About half an hour into it they came to check, I had progressed to 5 cm. At some point after that I got nauseated and threw up. They gave me some medicine for that and we kept going. Contractions became more regular and stronger. Melanie was monitoring and she said they were coming every 2 mins exactly. It felt like a lot less. I was so tired I started sleeping between contractions. A contractions would come, I would focus on Sharon, get through it and fall deep asleep, the next contraction would wake me up and it would start all over again. What I remember being the hardest is when in the middle of a contraction what was  going on became very clear. I would think "My baby is death, I'm giving birth to the still body of my baby boy, I can't do this, this is too hard!". Talk about pain! I remember even saying it out loud but Bruce and Sharon pulled me through, "You can do it, you are strong, I know it hurts but you need to do it!". 

They checked me again and I was at 7 or 8 cm. Sharon said I would soon enter into transition ans shortly after it would be over. Not too long after they checked me that last time I started having the urge to push but I wasn't supposed to. Sharon sent for the doctor, she said I was in transition. Every cell of my body was telling me to push and yet I had to fight against it. If you ask me I think that is the hardest part of delivering, thankfully it didn't last long. Finally the doctor arrived he checked again, I remember yelling "I'm going to push!" and I heard the best words I could have heard anyone say at the moment, "Ok, push!". Oh the relieve! After that it was like my body knew what to do and by listening to it I did to. When a pushing contraction was coming I would count "1,2,3" and I would push. It took about three pushes and Evan was out. It was pain like any other, it burnt and then it was all over. 
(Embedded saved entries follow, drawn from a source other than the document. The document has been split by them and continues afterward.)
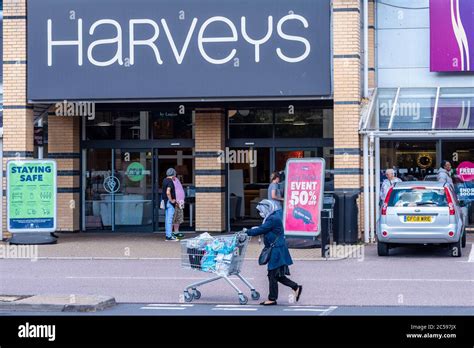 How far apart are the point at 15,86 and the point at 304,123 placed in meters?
7.69

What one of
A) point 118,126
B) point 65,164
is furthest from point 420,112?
point 65,164

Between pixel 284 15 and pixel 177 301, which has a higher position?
pixel 284 15

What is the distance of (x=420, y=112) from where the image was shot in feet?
77.8

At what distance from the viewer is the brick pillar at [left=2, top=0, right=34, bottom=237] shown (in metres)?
23.9

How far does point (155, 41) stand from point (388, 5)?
6.81 m

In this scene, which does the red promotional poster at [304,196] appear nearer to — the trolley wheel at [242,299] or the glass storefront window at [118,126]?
the glass storefront window at [118,126]

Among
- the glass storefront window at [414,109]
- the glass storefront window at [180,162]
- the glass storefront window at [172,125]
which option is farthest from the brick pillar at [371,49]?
the glass storefront window at [180,162]

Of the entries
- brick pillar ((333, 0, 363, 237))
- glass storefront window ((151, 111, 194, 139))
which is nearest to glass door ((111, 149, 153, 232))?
glass storefront window ((151, 111, 194, 139))

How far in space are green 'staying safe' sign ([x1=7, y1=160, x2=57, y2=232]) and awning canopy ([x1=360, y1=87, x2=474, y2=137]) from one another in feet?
24.8

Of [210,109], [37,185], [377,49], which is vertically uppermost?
[377,49]

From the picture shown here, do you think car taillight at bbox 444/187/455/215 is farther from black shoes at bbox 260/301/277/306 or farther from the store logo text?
black shoes at bbox 260/301/277/306

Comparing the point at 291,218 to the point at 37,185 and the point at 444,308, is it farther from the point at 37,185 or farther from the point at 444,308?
the point at 444,308

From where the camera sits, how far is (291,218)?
2167 centimetres

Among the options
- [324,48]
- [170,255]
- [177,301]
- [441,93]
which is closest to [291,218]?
[170,255] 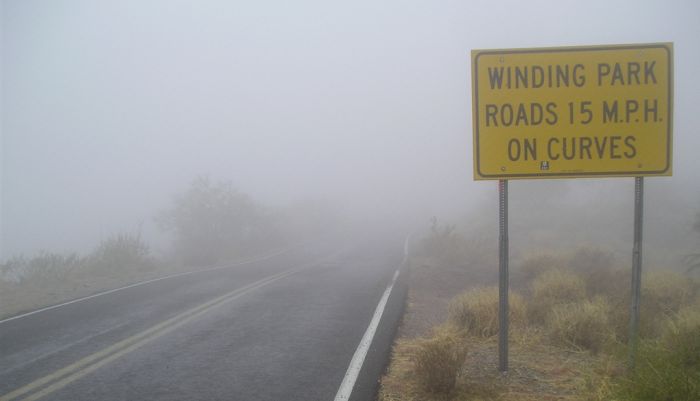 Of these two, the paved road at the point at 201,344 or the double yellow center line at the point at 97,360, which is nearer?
the double yellow center line at the point at 97,360

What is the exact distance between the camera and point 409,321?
25.6 ft

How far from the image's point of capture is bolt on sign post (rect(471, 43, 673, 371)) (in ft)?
15.6

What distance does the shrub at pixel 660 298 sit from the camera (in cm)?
596

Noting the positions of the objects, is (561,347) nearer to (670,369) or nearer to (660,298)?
(670,369)

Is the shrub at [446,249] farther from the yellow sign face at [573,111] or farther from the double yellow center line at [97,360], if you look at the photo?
the yellow sign face at [573,111]

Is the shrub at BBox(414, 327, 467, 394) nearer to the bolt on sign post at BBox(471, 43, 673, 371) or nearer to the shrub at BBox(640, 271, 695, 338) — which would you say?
the bolt on sign post at BBox(471, 43, 673, 371)

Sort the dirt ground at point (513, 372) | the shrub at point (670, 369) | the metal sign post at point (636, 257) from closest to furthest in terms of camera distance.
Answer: the shrub at point (670, 369) < the dirt ground at point (513, 372) < the metal sign post at point (636, 257)

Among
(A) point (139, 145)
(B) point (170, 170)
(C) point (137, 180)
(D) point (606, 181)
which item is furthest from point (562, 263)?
(A) point (139, 145)

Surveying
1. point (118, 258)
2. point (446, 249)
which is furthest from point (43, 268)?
point (446, 249)

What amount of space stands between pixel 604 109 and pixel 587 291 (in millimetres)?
4661

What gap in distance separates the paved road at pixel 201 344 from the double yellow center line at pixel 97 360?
12 millimetres

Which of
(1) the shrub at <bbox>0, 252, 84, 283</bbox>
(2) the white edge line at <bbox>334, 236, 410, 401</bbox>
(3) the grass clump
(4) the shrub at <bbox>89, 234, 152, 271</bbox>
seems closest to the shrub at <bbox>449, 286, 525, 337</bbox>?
(2) the white edge line at <bbox>334, 236, 410, 401</bbox>

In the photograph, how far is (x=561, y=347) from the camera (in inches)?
229

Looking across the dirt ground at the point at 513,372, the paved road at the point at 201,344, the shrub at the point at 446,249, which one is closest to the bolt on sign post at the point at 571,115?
the dirt ground at the point at 513,372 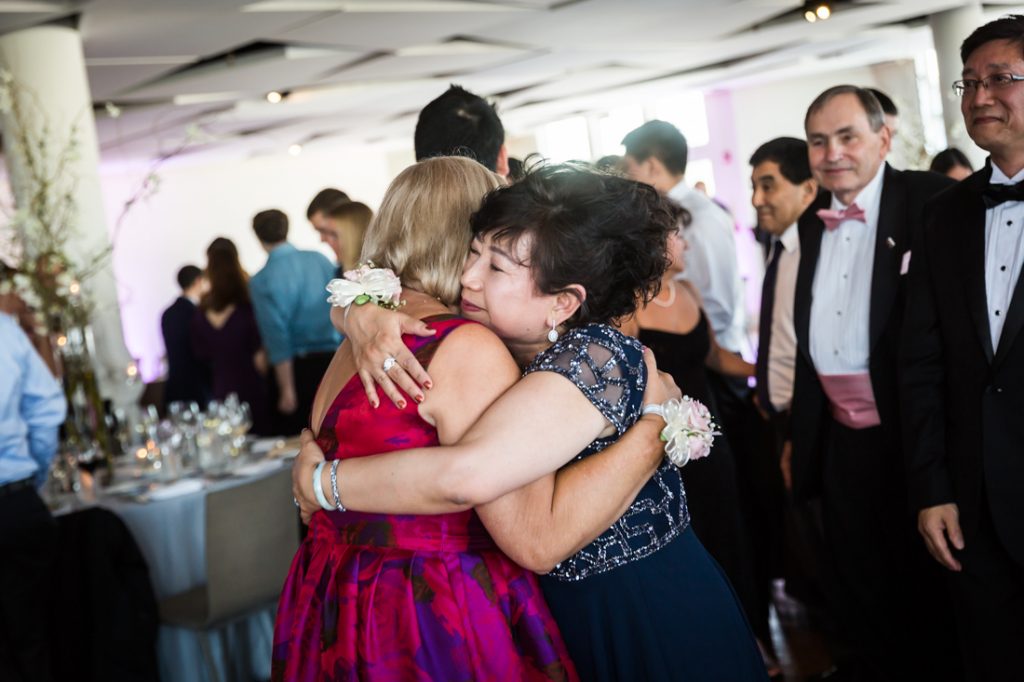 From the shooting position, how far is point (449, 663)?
62.2 inches

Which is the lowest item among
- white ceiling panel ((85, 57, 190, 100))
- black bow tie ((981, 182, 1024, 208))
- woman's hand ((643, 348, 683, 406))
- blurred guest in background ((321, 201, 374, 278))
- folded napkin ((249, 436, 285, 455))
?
folded napkin ((249, 436, 285, 455))

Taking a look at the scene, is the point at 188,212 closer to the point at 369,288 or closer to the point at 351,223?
the point at 351,223

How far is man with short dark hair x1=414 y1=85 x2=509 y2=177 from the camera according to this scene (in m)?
2.59

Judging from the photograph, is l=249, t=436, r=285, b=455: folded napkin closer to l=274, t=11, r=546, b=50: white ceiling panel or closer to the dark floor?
the dark floor

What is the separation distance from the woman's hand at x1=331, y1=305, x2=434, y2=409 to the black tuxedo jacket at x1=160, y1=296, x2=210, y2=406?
6179 millimetres

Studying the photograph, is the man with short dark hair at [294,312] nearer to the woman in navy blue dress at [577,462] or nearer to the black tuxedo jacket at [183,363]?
the black tuxedo jacket at [183,363]

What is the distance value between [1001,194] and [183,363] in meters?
6.30

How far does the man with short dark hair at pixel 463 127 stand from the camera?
2.59 meters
They took Evan to clean him and wrap him. Shortly after they handed him to me, he was the most beautiful baby boy I've laid eyes on. The doctors and nurses stood back in perfect silence and utter respect of the moment we were living. His body was far from perfect but he is oh so precious to his mom and dad. We spent two unforgettable hours with our Evan. We had pizza dinner with friends in the room. I was feeling surprisingly well. They moved us to another room and I was finally able to rest some while Bruce and Sharon went to the airport to pick up my parents. When they came back we asked the nurse to bring Evan back to the room. Abuelos got to hold him and meet him. William held him too. It was a beautiful family time that God gifted us with and that I am very thankful for.